START Information supplied
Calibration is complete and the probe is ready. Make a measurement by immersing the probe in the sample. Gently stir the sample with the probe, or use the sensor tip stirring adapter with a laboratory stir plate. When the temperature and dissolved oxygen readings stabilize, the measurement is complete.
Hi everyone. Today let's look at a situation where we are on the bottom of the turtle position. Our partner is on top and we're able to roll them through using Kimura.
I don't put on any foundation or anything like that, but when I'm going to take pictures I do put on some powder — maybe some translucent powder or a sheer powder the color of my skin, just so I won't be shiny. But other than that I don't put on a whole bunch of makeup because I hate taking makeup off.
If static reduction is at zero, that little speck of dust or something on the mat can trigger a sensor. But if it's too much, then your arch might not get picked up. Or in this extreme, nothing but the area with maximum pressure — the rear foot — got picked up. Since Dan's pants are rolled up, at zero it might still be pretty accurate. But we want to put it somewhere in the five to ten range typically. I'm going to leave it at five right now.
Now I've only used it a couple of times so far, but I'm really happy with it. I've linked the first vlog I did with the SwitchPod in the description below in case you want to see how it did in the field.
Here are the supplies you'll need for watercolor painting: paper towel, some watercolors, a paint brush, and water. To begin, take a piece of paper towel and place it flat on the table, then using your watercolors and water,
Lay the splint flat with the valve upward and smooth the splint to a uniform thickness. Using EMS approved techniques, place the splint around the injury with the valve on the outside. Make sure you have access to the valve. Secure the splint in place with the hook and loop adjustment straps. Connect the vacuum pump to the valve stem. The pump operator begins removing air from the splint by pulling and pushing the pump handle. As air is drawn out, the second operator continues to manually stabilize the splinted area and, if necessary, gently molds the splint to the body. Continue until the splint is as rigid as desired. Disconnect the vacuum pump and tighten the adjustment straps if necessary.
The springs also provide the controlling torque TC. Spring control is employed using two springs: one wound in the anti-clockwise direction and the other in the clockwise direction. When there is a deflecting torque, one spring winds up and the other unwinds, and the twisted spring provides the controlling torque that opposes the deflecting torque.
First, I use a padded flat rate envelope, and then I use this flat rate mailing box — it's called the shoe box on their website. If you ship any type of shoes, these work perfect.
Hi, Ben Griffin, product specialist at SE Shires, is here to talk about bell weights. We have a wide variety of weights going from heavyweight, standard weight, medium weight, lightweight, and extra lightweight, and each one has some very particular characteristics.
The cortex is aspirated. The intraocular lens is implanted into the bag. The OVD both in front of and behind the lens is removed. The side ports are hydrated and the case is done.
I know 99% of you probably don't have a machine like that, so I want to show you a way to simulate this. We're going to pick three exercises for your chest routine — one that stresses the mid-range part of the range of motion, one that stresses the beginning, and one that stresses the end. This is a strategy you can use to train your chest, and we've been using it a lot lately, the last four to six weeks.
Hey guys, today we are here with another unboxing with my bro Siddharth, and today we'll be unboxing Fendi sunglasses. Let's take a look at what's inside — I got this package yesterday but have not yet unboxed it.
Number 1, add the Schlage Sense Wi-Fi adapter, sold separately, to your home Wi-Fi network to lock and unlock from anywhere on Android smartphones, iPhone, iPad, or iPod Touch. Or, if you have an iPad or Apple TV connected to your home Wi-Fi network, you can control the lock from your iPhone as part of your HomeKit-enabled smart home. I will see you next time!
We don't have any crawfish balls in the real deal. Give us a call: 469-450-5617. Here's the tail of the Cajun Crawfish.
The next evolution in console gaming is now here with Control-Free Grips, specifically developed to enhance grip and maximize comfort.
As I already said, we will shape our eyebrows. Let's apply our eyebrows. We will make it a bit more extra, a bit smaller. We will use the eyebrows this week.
END Information supplied
■ Work instruction
Up to and including the line with "I don't put on any", output each line of the entries above exactly, starting from the first.

■ Solution for this problem
Calibration is complete and the probe is ready. Make a measurement by immersing the probe in the sample. Gently stir the sample with the probe, or use the sensor tip stirring adapter with a laboratory stir plate. When the temperature and dissolved oxygen readings stabilize, the measurement is complete.
Hi everyone. Today let's look at a situation where we are on the bottom of the turtle position. Our partner is on top and we're able to roll them through using Kimura.
I don't put on any foundation or anything like that, but when I'm going to take pictures I do put on some powder — maybe some translucent powder or a sheer powder the color of my skin, just so I won't be shiny. But other than that I don't put on a whole bunch of makeup because I hate taking makeup off.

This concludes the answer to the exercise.